Extracted records Block Start

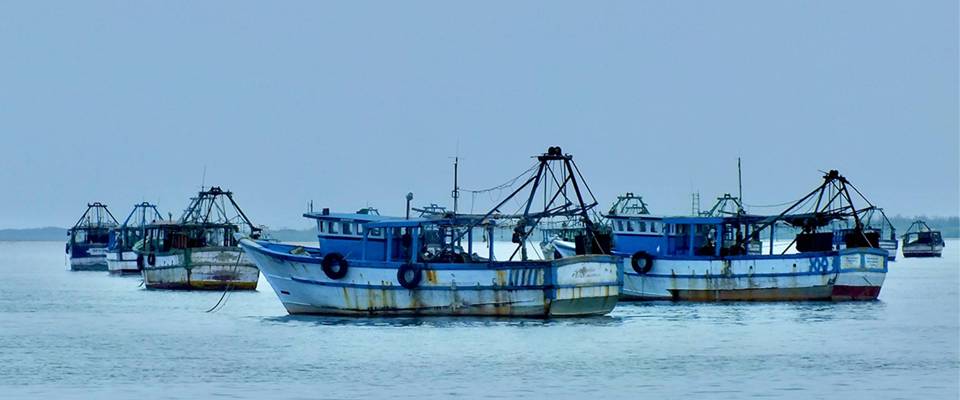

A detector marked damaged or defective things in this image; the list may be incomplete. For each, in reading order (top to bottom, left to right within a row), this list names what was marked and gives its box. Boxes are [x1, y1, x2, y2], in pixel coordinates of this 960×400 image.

rusty boat hull [139, 245, 258, 290]
rusty boat hull [240, 239, 624, 318]
rusty boat hull [624, 248, 884, 302]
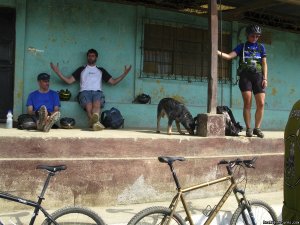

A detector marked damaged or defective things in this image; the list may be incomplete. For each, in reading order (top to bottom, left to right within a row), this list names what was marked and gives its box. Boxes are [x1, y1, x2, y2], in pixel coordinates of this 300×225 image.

weathered wall with peeling paint [2, 0, 300, 129]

Extracted records Block End

## [Exercise directions]
Skip every image and output the remaining records exactly.

## [Result]
A detector marked damaged or defective things in this image; the list may be incomplete. For each, in reading order (top to bottom, left to right within a row), this list names what was marked and gives its box. Boxes are [x1, y1, x2, y2], in pixel coordinates of this 960×400 image.

rusty boat hull [139, 245, 258, 290]
rusty boat hull [240, 239, 624, 318]
rusty boat hull [624, 248, 884, 302]

A detector marked damaged or defective things in this image; the list may be incomplete. For each, in reading order (top to bottom, left to right within a row), this list names what was marked and gives its box. Boxes are [x1, y1, x2, y2], in pixel coordinates of this 300×225 image.

weathered wall with peeling paint [2, 0, 300, 129]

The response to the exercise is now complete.